-- What the task requires --
Extract, verbatim, all lines starting at the one containing "Białe perły i" and ending with the final line of the listing, and no others.

-- Dataset content --
··········
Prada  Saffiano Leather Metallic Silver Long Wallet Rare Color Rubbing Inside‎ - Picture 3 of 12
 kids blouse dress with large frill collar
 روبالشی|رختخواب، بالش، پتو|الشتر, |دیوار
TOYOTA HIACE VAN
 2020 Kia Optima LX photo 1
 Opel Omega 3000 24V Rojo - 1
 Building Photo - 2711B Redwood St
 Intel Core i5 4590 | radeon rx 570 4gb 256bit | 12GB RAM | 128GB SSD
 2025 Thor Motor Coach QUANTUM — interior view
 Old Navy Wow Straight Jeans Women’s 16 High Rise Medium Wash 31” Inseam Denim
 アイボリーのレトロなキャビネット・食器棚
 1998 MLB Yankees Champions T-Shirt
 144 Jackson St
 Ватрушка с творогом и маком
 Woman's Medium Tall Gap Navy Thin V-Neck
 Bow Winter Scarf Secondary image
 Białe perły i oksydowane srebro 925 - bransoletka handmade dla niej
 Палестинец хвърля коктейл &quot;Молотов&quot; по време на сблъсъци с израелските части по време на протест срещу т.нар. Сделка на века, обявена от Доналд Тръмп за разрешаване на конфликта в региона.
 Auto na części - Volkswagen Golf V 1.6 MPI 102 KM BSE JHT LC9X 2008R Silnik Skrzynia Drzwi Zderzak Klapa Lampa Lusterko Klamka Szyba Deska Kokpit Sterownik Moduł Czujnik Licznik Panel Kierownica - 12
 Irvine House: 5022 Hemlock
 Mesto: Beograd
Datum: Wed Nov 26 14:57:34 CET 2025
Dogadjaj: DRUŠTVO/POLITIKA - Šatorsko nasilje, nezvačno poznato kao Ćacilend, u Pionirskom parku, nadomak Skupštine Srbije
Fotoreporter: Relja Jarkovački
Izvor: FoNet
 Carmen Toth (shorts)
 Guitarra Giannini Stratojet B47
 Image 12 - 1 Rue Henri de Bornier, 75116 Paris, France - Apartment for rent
··········
-- Reply to the task --
 Białe perły i oksydowane srebro 925 - bransoletka handmade dla niej
 Палестинец хвърля коктейл &quot;Молотов&quot; по време на сблъсъци с израелските части по време на протест срещу т.нар. Сделка на века, обявена от Доналд Тръмп за разрешаване на конфликта в региона.
 Auto na części - Volkswagen Golf V 1.6 MPI 102 KM BSE JHT LC9X 2008R Silnik Skrzynia Drzwi Zderzak Klapa Lampa Lusterko Klamka Szyba Deska Kokpit Sterownik Moduł Czujnik Licznik Panel Kierownica - 12
 Irvine House: 5022 Hemlock
 Mesto: Beograd
Datum: Wed Nov 26 14:57:34 CET 2025
Dogadjaj: DRUŠTVO/POLITIKA - Šatorsko nasilje, nezvačno poznato kao Ćacilend, u Pionirskom parku, nadomak Skupštine Srbije
Fotoreporter: Relja Jarkovački
Izvor: FoNet
 Carmen Toth (shorts)
 Guitarra Giannini Stratojet B47
 Image 12 - 1 Rue Henri de Bornier, 75116 Paris, France - Apartment for rent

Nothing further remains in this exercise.